> [RECORDS]

-- -- --

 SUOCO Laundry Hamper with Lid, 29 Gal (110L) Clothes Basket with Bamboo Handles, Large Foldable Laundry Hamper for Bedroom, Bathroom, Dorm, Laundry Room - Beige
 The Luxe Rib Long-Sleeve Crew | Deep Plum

-- -- --

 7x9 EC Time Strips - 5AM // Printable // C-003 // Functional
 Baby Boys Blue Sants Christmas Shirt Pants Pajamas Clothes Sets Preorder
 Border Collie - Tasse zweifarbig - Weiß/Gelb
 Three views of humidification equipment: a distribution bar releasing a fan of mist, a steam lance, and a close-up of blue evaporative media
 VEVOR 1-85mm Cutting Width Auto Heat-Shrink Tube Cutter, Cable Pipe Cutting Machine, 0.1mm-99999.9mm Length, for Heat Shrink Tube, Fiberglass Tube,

-- -- --

> [PROBLEM TO SOLVE]
Everything starting at the line containing "SUOCO Laundry Hamper" and ending at the line containing "The Luxe Rib Long-Sleeve Crew | Deep Plum" in the records above should be repeated exactly, and only that.

> [EXERCISE SOLUTION]
 SUOCO Laundry Hamper with Lid, 29 Gal (110L) Clothes Basket with Bamboo Handles, Large Foldable Laundry Hamper for Bedroom, Bathroom, Dorm, Laundry Room - Beige
 The Luxe Rib Long-Sleeve Crew | Deep Plum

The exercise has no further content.